Vilim Hrupelj
Vilim Hrupelj

Reputation: 11

Is there a way to evaluate a bundle of constexpr functions at compile time in C++?

I am new to C++ templates and I'm trying to make a constexpr template function that takes a parameter pack of other functions of return type bool (and in this example input type int) and checks if a given value satisfies all of them.

I've extracted the important bits of code and left some implementations that shouldn't be relevant out.
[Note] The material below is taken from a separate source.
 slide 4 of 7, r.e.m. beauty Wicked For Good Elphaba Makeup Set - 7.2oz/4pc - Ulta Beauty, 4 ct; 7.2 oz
Item 1 below is how I'd like the function to behave where is_in_v is a metafunction that checks if a value of a given type is contained in the bundle of values after it. This works fine on its own, but complains when I try to pass func(b)... because b isn't a constant expression. This makes sense to me, however Item 2 seems to behave fine at compile time even though it is being passed the same value b. This makes me wonder if my idea is achieveable, because to me it feels like what works in Item 2 is in essence not that far from what I'm trying to do, but I am at a loss as to how to get around this error.

constexpr bool f1 (int a) { return true; }
constexpr bool f2 (int a) { return false; }
constexpr bool f3 (int a) { return a > 3; }

//Item 1
template<bool (*...func)(int)>
constexpr bool test(int b) {
    return !is_in_v<bool, false, func(b)...>;
}
//Item 2
template<bool (*func)(int)>
constexpr bool test2(int b) {
    return func(b);
}

...

int main () {
   static_assert(test<f1, f3>(5)); //ERROR: b is not a constant expression
   static_assert(test2<f3>(5)); //works fine
}

If anyone could tell me whether what I'm trying to do makes any sense or if there are alternative solutions I would greatly appreciate it.

I've tried passing by const reference and that worked for functions f1 and f2 but only delegated the problem of parameter b in test not being a constexpr to parameter a in f3.

Upvotes: 1

Views: 63

Answers (1)

!is_in_v<bool, false, func(b)...>;

This seems like a rather roundabout way of writing a variadic and-expression. C++17 supports fold expressions, so it really ought to be written more simply as

template<bool (*...func)(int)>
constexpr bool test(int b) {
    return (func(b) && ...);
}

The thing about templates, is that their non-type arguments must always and uncondionally be contant expressions. A regular function argument, even in a constexpr function, is never considered usable in a constant expression, and so can't be used to form one. It makes func(b) invalid as a template argument.

Roughly speaking test2 works because it doesn't assume b is usable in a constant expression. It simply lays out a computation, that when following the rules of the abstract machine with a compile time constant, the compiler can do. That's what constant evaluation is in a nutshell. When you mark a function as constexpr, then under certain conditions, the compiler may use it to evalute constants. But it doesn't mean anything about the function parameters being constant.

As a matter of fact, it can't mean that. Without delving into the details of the specificaiton, but to explain why that is, consider by contradiction if it did. Let's say you could write this:

constexpr auto foo(int a) {
    return std::integral_constant<int, a>{}; // Make believe it is valid to use a.
}

Then we get that foo(1) and foo(2) return different types! That's... not how c++ is designed to work. The function signature never depends on the values its parameters get! And I didn't even touch the fact constexpr functions exist at runtime since they are also regular functions, then the signature conundrum becomes even greater.